The neck knives thread seems to have been a casualty of the server crash. I checked out the sites that were suggested before but unfortunately didn't bookmark them, knowing I could always find them here after all!


----------



## arnisador (Jan 16, 2003)

Can those who posted neck knife sites please repost them?


----------



## arnisandyz (Jan 16, 2003)

Arnisador,

can't find the url right now, but if youdo a search on Livesay Woo you should get some hits.  i think this one one of the first (and still up there with the best) neck knives.  You can also check out onestopknifeshop.com, they have a section just on neck knives

Andy


----------



## GouRonin (Jan 16, 2003)

I wear one.
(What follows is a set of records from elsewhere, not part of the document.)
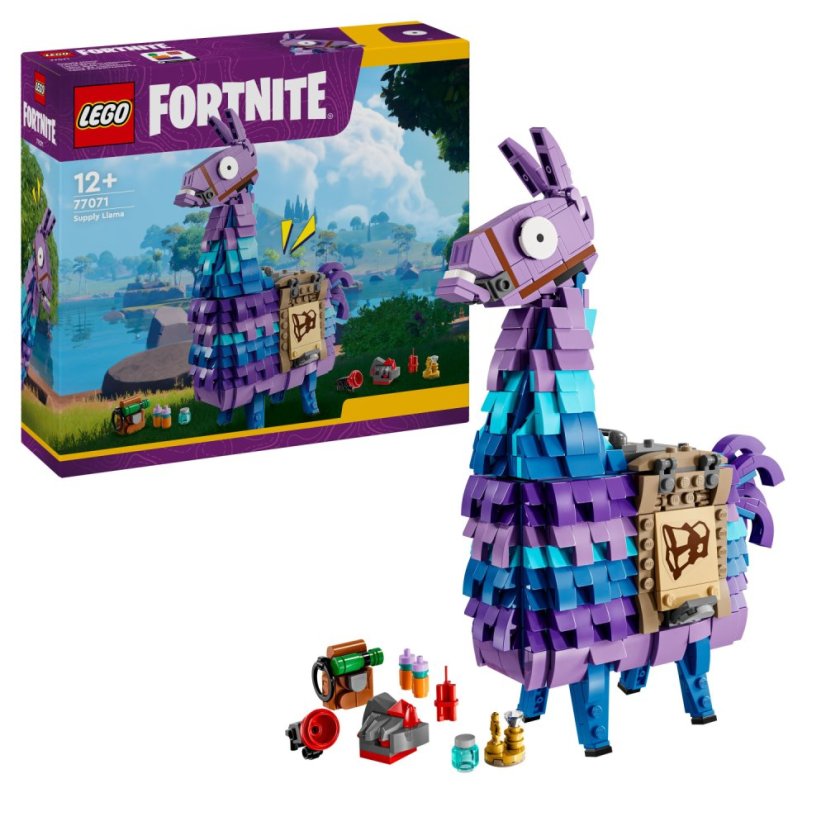 LEGO® Fortnite® 77071 Supply Llama LEGO® Fortnite® 77071 Supply Llama
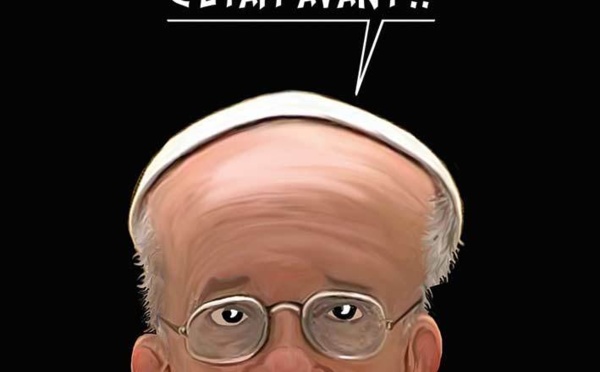 DESSIN DE PRESSE: Miracle à Rome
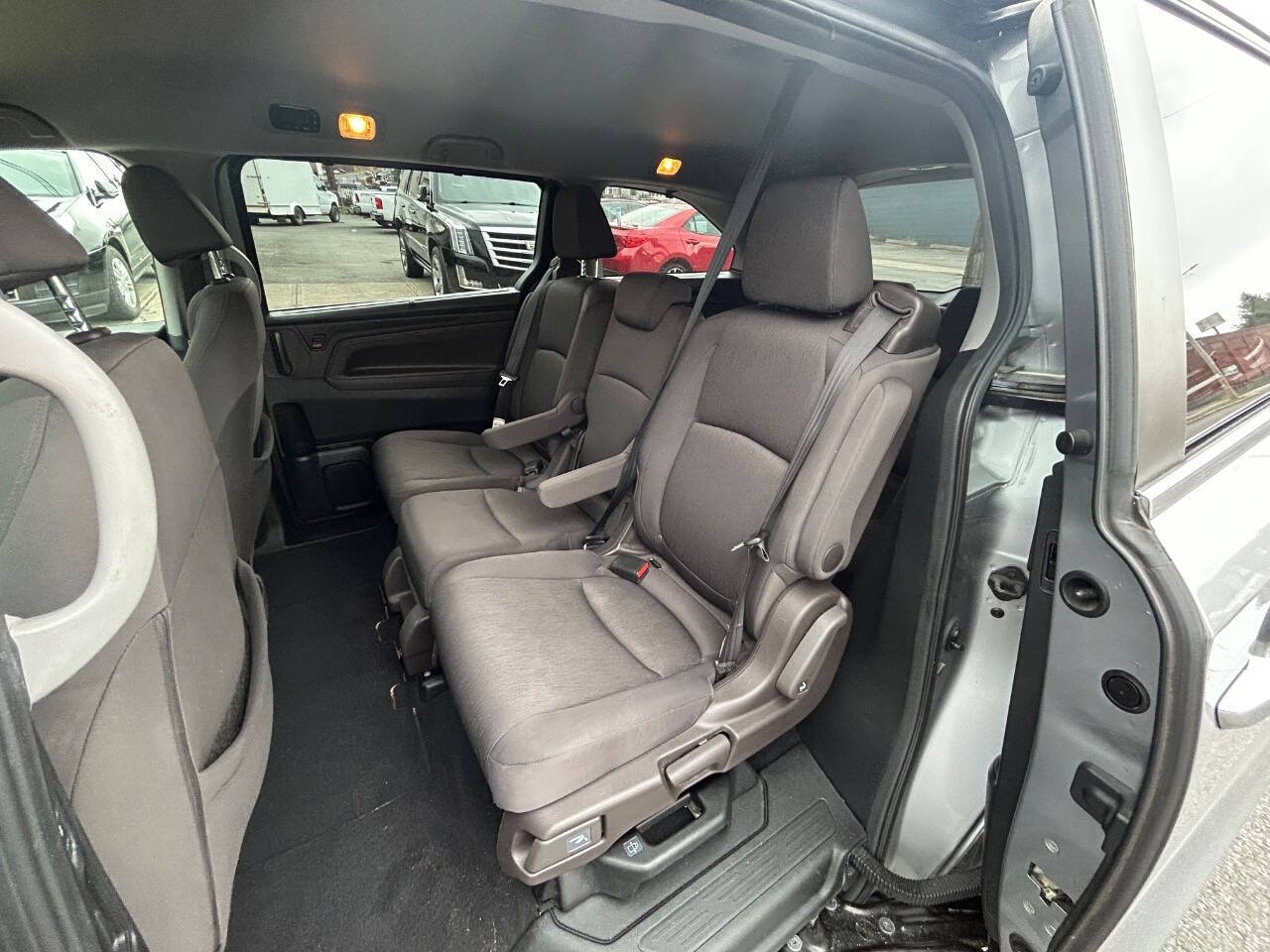 2018 Honda Odyssey for sale at Metro Mike Trading & Cycles in Menands, NY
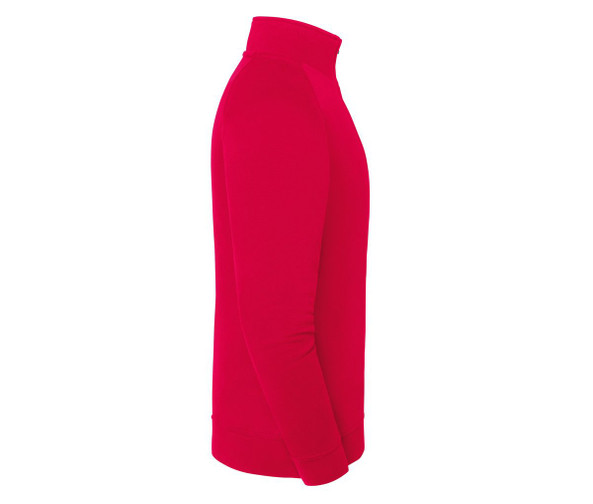 FRUIT OF THE LOOM SC2288 - Zip-neck sweatshirt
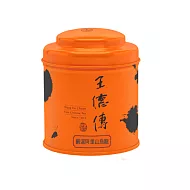 《王德傳》嚴選阿里山烏龍50g_含罐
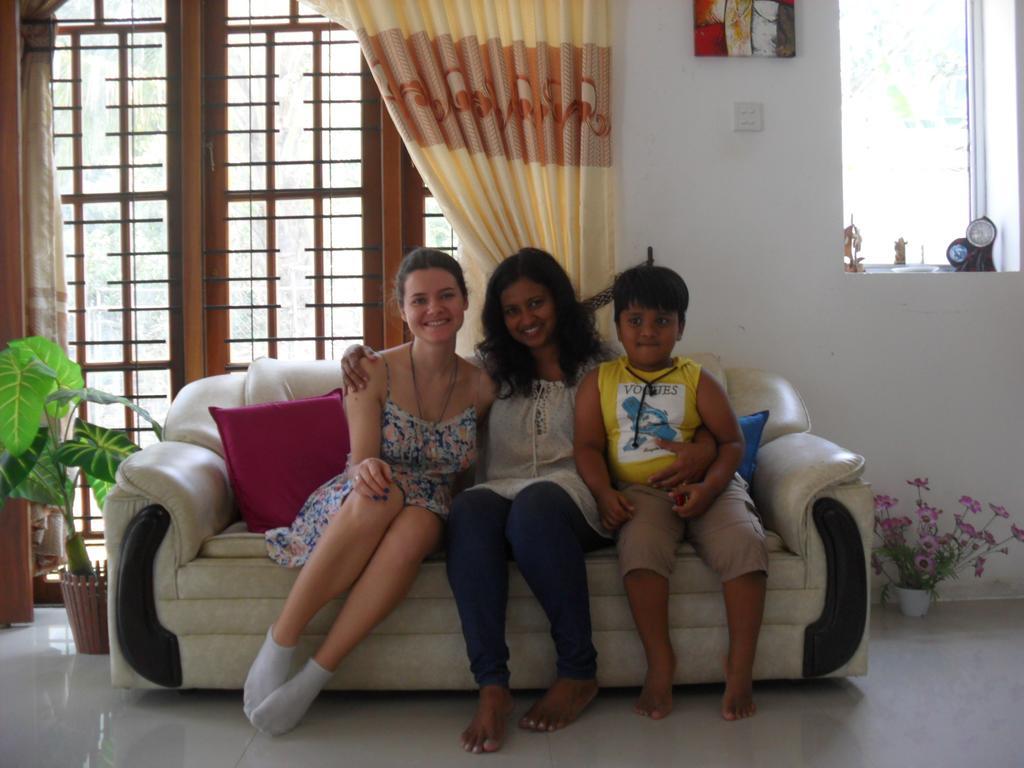 Sun Hill Home Weligama Luaran gambar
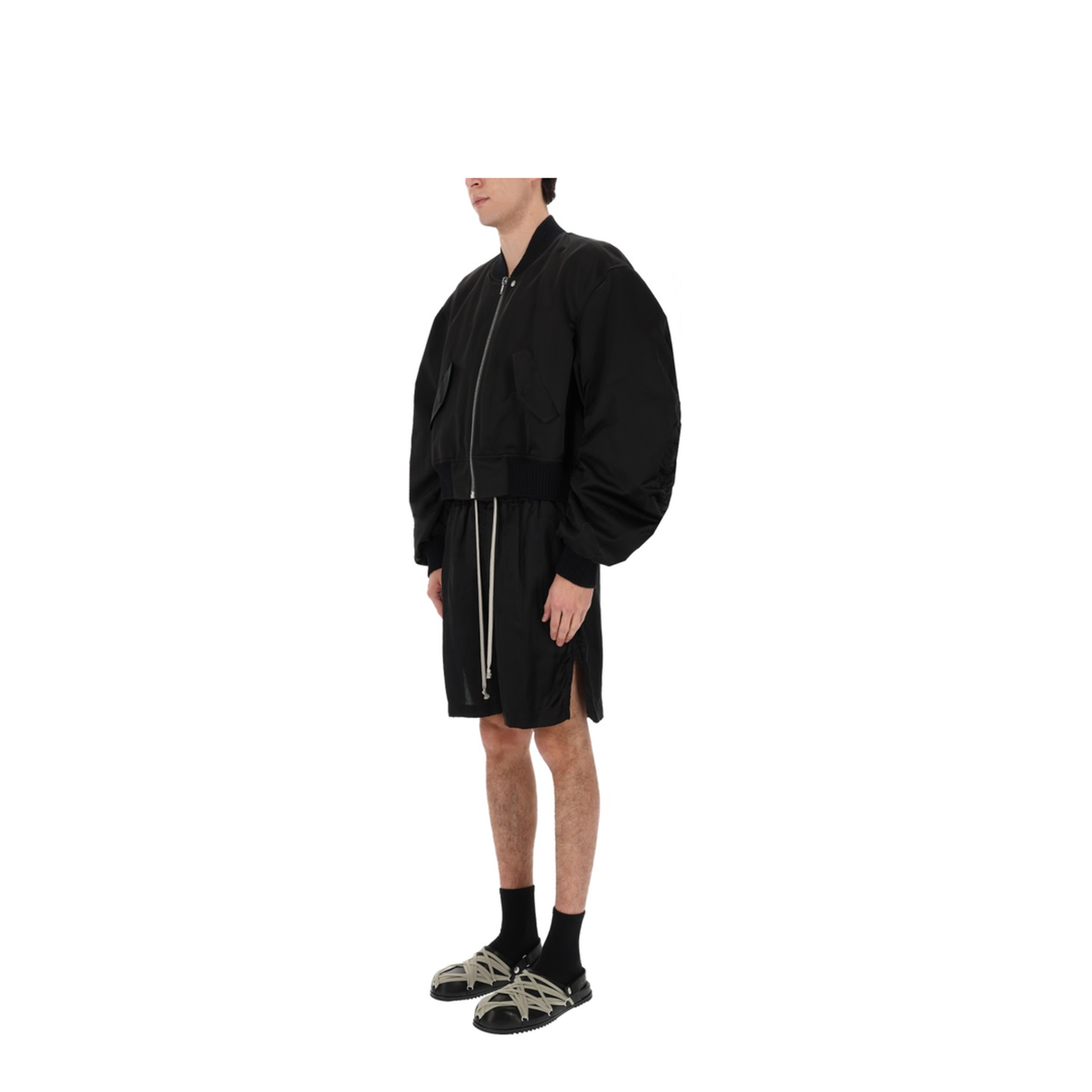 Bucket Flight Jacket - Image 2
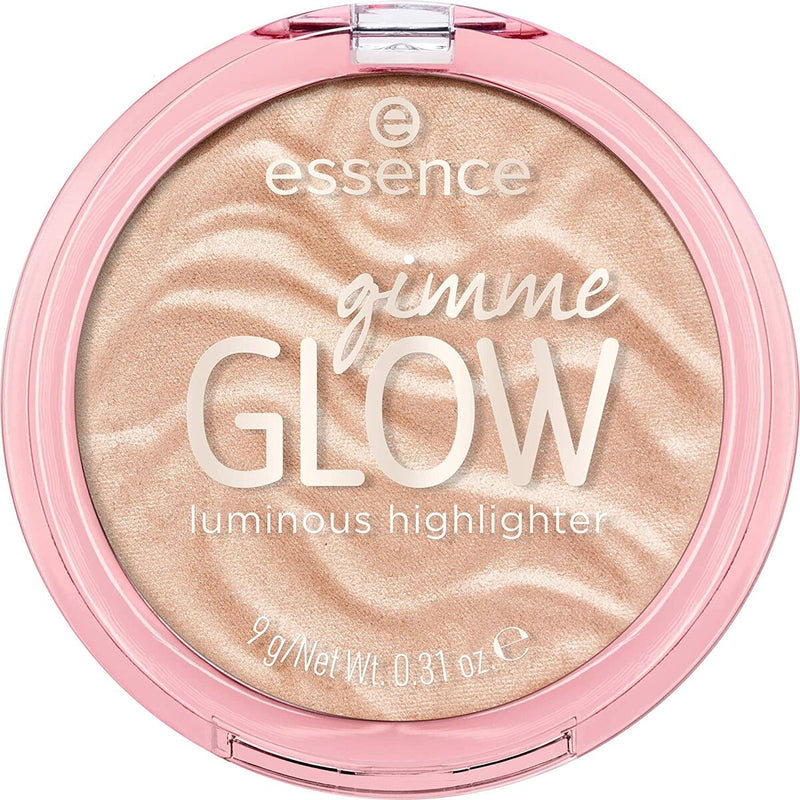 Poudre d'éclairage Essence Gimme Glow Nº 10-glowy champagne 9 g Beauté, Maquillage Essence   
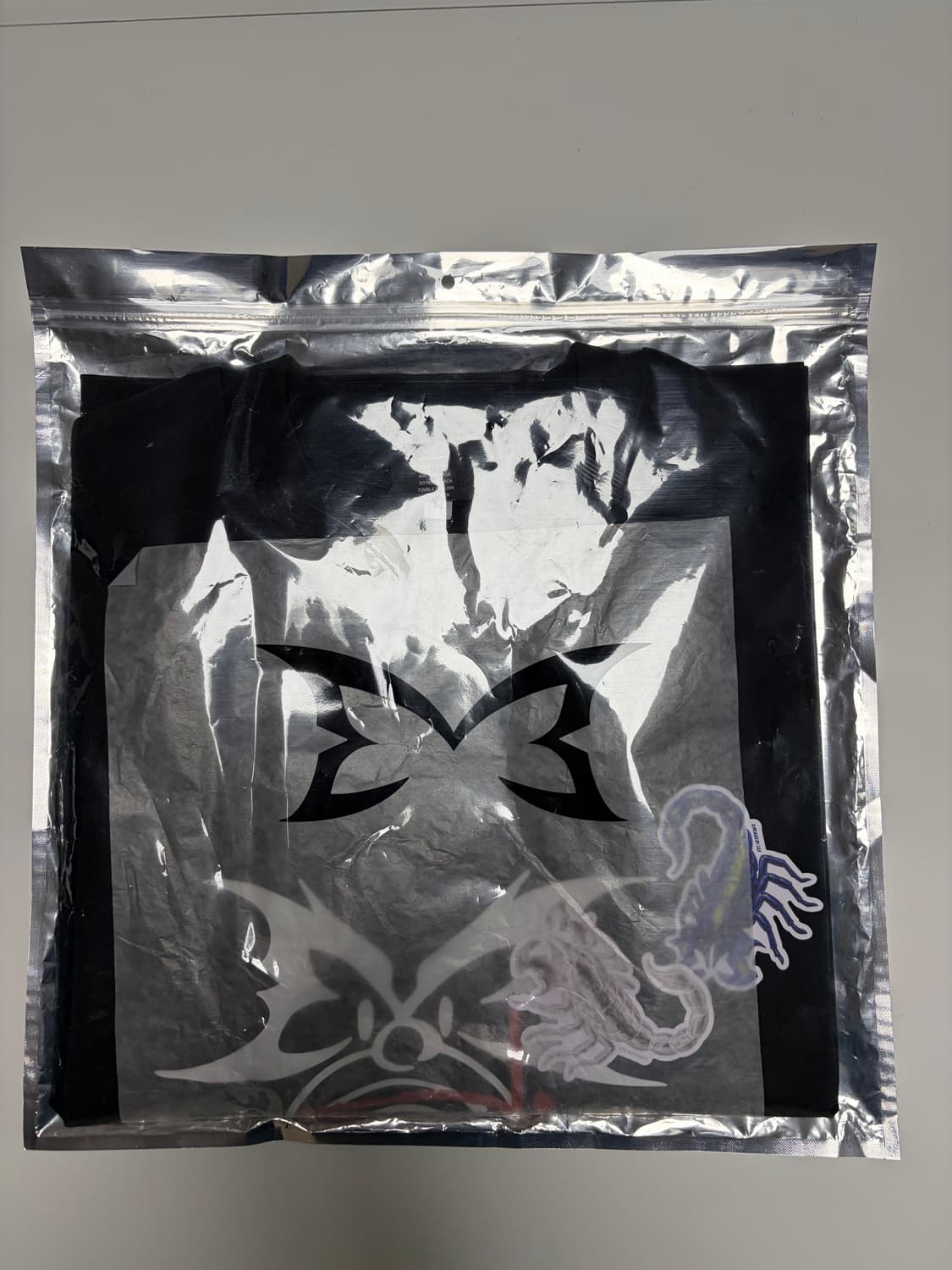 MERTRA x Slawn 티셔츠 블랙 M 상품이미지1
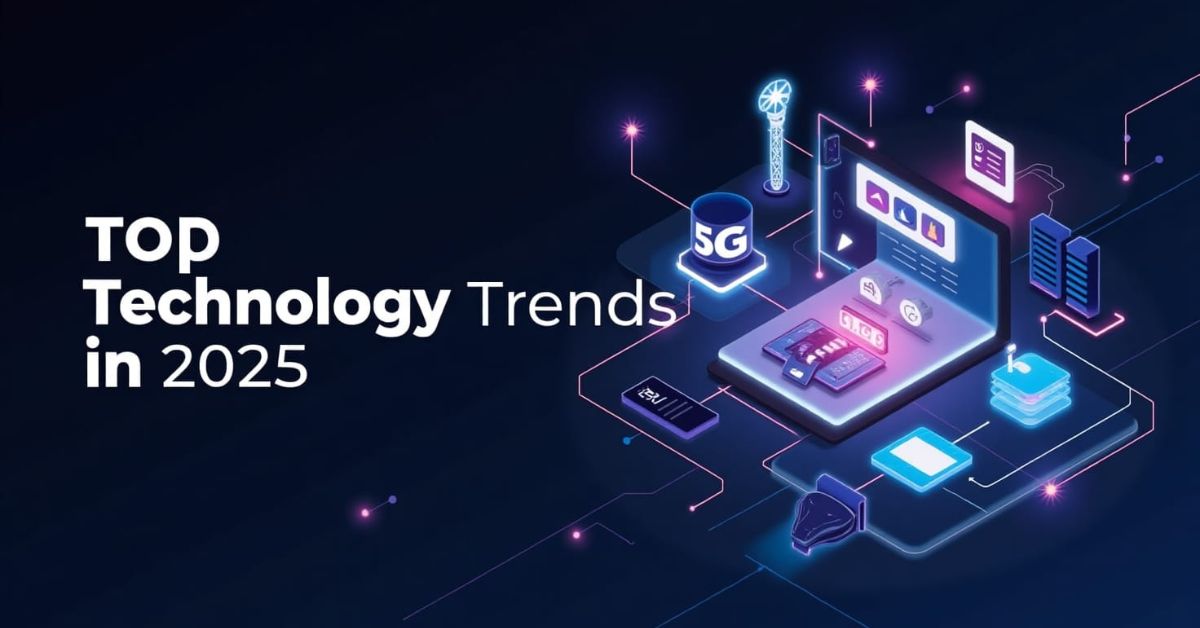 Top 10 Emerging ICT Trends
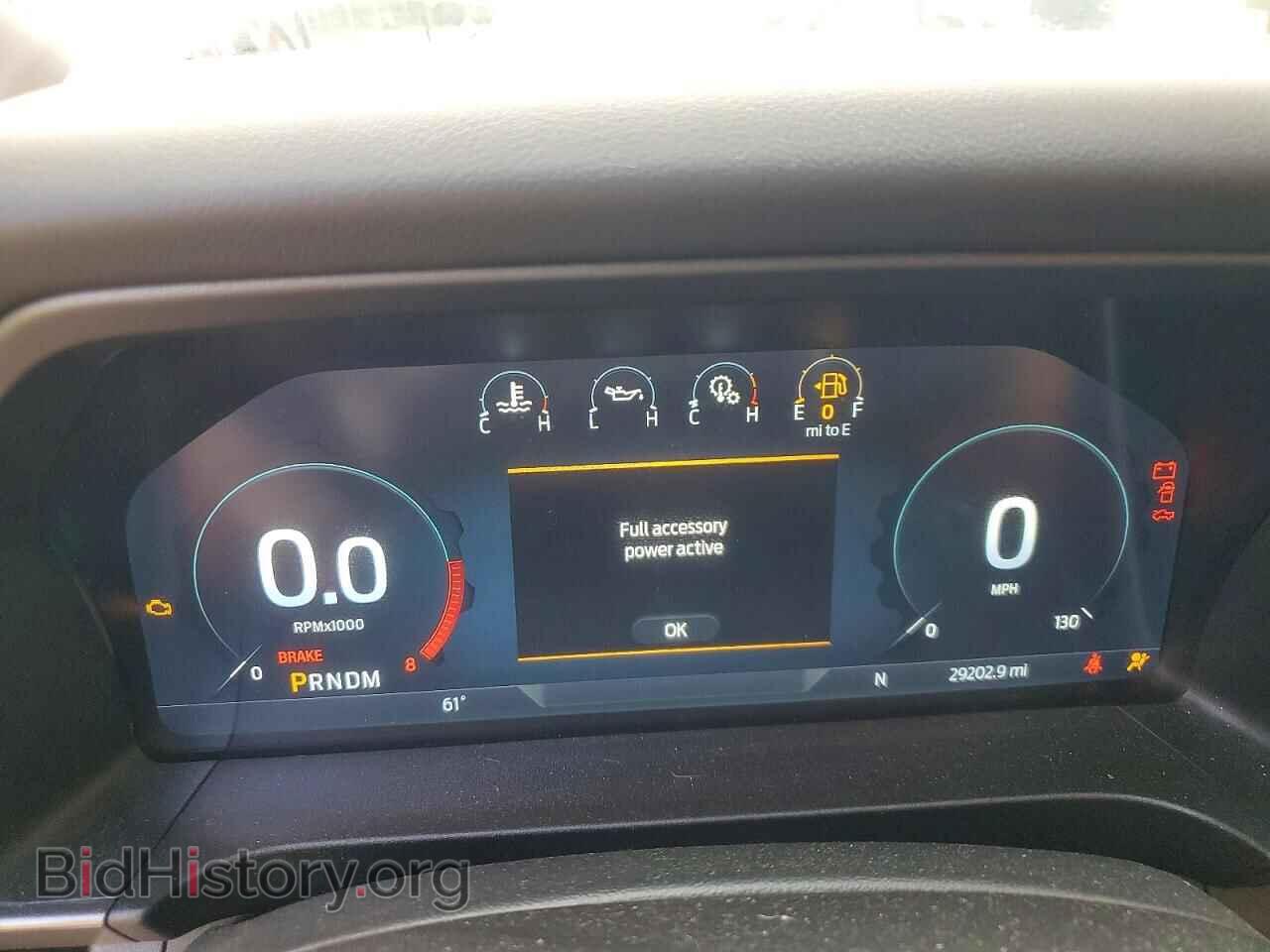 2024 FORD RANGER - VIN: 1FTER4KH4RLE27232 - Photo 9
I'd wear two but then they clank and give away the fact that I am wearing them.

Does that help?


----------



## arnisador (Jan 17, 2003)

> _Originally posted by GouRonin _
> *I wear one. I'd wear two but then they clank and give away the fact that I am wearing them.
> 
> Does that help? *



Before the Great Crash the Neck Knives thread had some specific links to sites. I had checked them out and was going to go back with buying in mind but then it was lost!


----------



## GouRonin (Jan 17, 2003)

> _Originally posted by arnisador _
> *Before the Great Crash*



Oh...so now we're talking BGC and AGC? How biblical.


----------



## lhommedieu (Jan 19, 2003)

Bud Nealy's MCS System includes allows for a variety of ways to carry a knife, including a neck knife:

http://www.bladeart.com/artists/bud_nealy/bud_nealy.htm

I have a 5" Pesh Kabaz that I find a little long for a neck knife, but it can be worn that way.  The 3" version (on the bottom of the page) is an admirable neck knife.

Best,

Steve Lamade


----------



## Kenpo Yahoo (Mar 24, 2003)

Mills Backup Neck Knife












1. Total length of the Knife is 7 3/8"
2. Blade length is 3 3/16"

3. Steel in the Blade is made of ATS-34 Steel (Sharpened on both sides - Double Edged)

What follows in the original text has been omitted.